> _SOURCE DATA_:
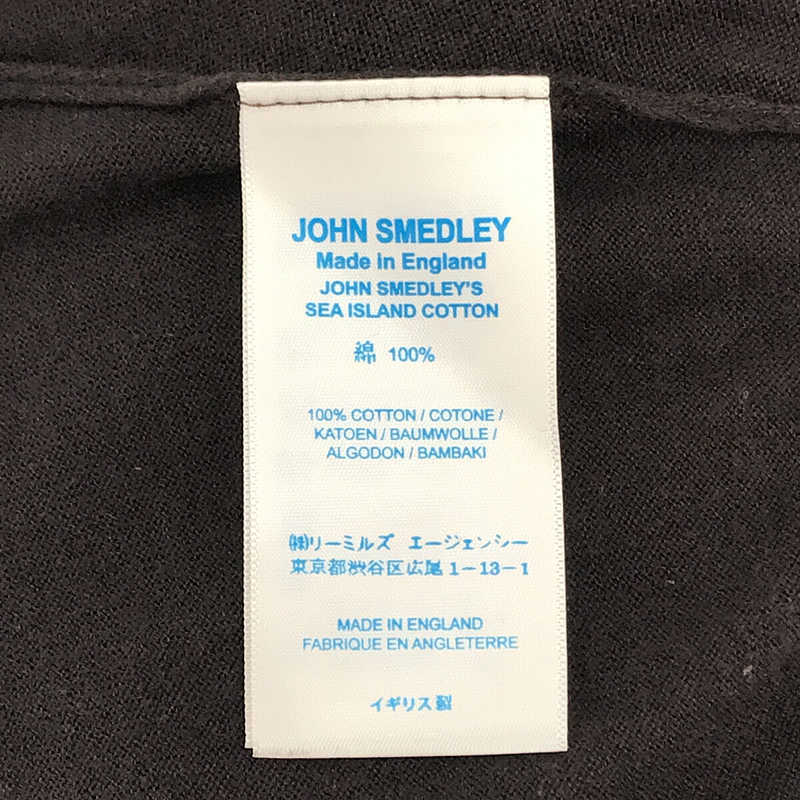 JOHN SMEDLEY / ジョンスメドレー SEA ISLAND COTTON Vネック ハイゲージニット シーアイランドコットン 海島綿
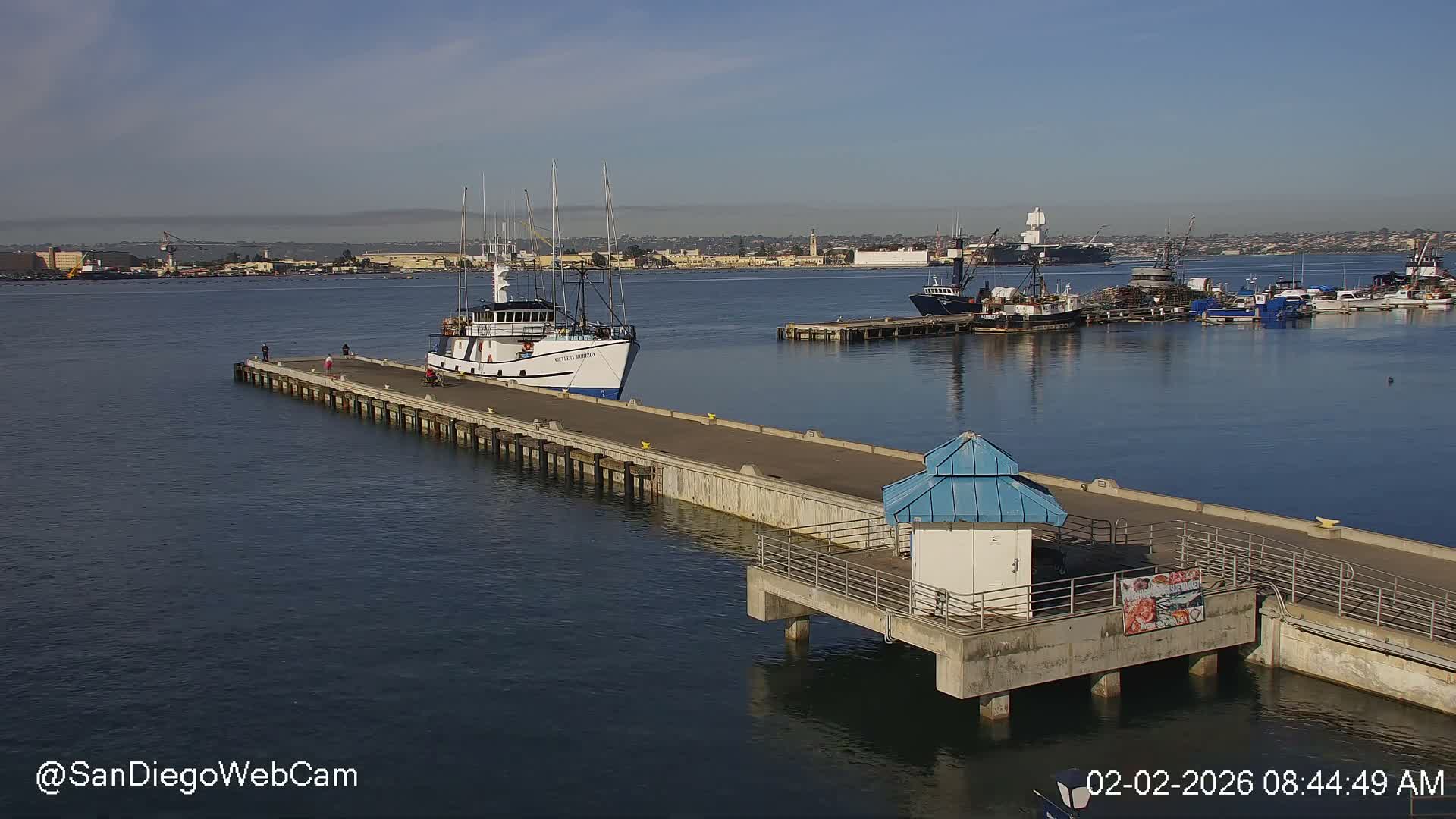 San Diego, Coronado Bridge & Sant Diego City & Bay Skyline View Live Cam - Downtown, San Diego, San Diego County, California, USA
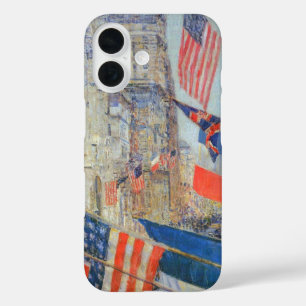 Allies Day, mei 1917 door Childe Hassam, Vintage A iPhone 16 Hoesje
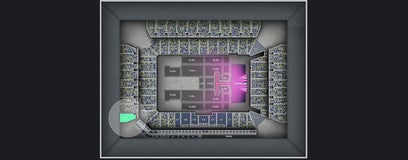 Seat view from Upper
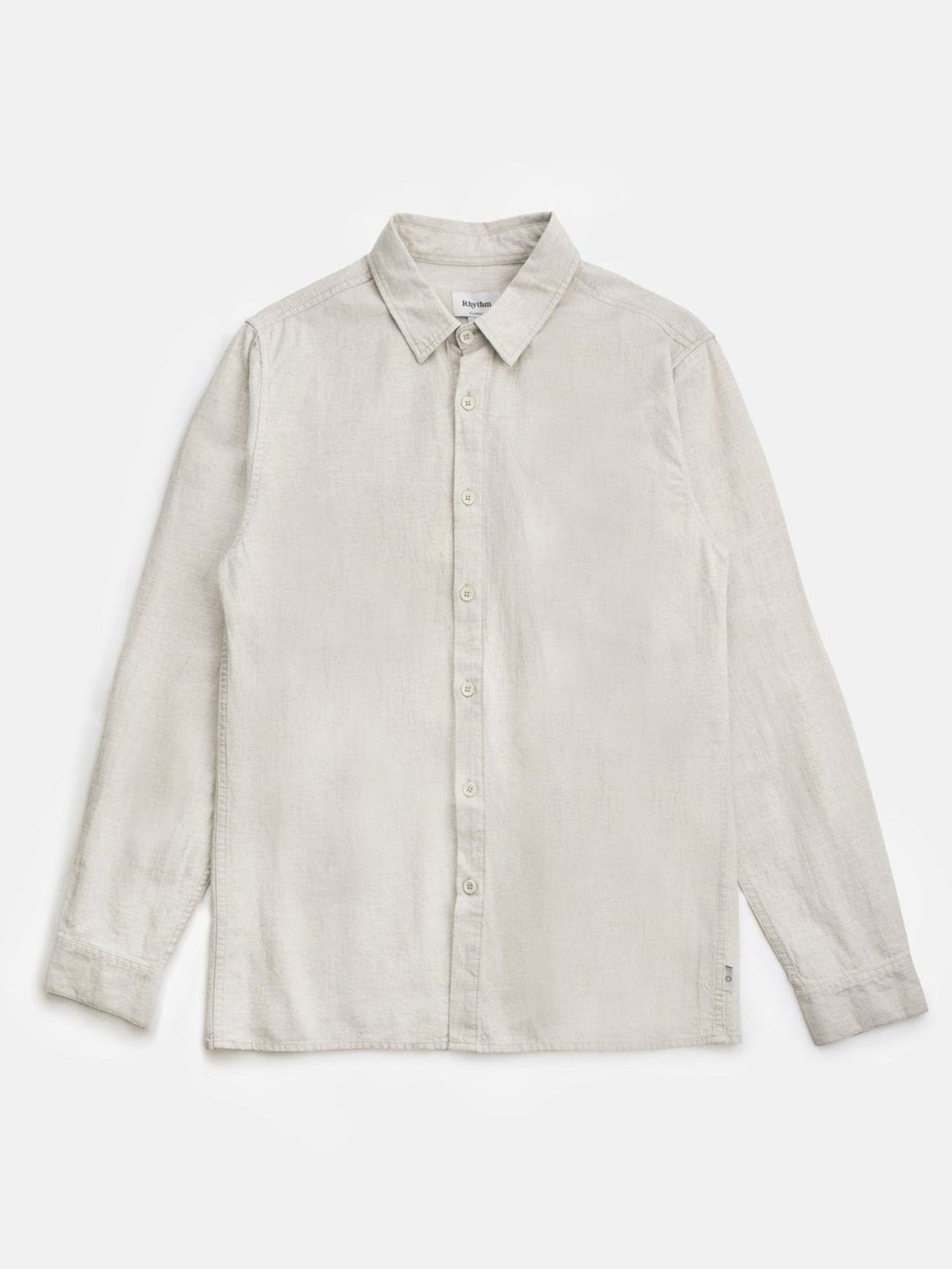Rhythm Classic Linen Long Sleeve Buttondown Shirt Spring 2024
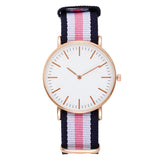 Popular Casual Quartz Watch Women Wrist Watches Nylon Band Bracelet Gold Silver Ladies Analog Clock Reloj Mujer Mart Lion Gold 10  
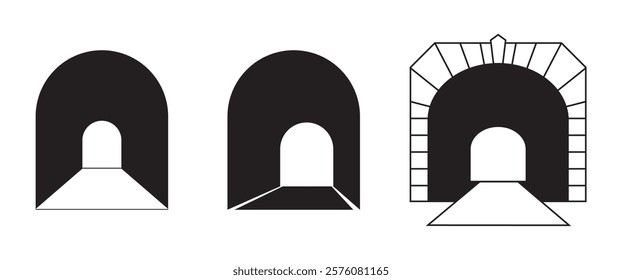 A tunnel. Road. Subway. Transportation. Vector. Illustration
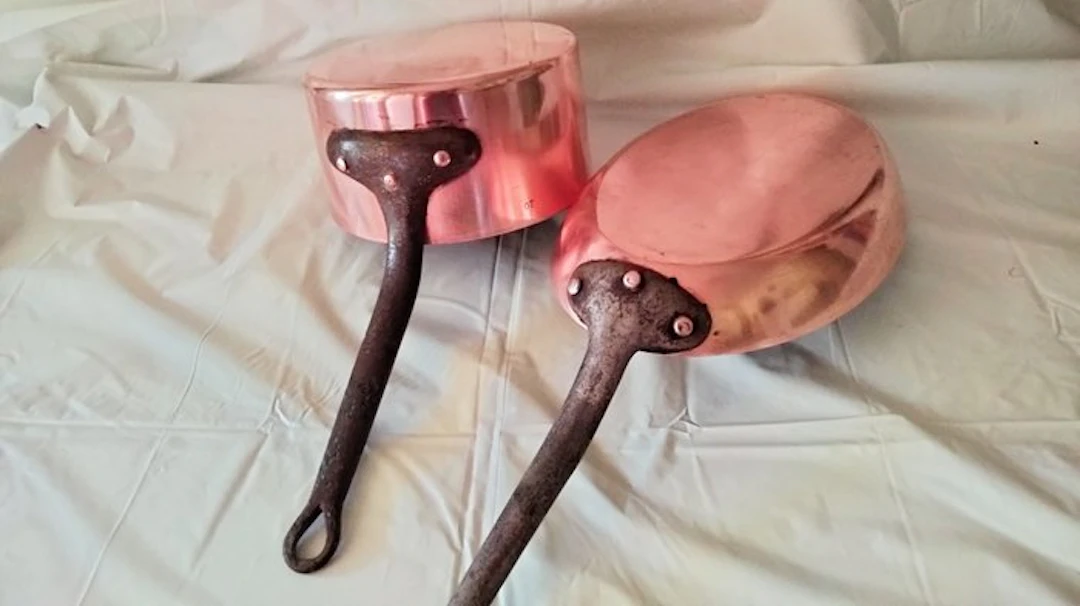 Cooking pot set (2) - Classic - Copper - Fish pan and large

> _BRIEF_: Pictures stay out of the copy. Reproduce exactly the lines from the one containing "A tunnel. Road." through the last line of the records above, both included.

> _REPLY_:
 A tunnel. Road. Subway. Transportation. Vector. Illustration
 Cooking pot set (2) - Classic - Copper - Fish pan and large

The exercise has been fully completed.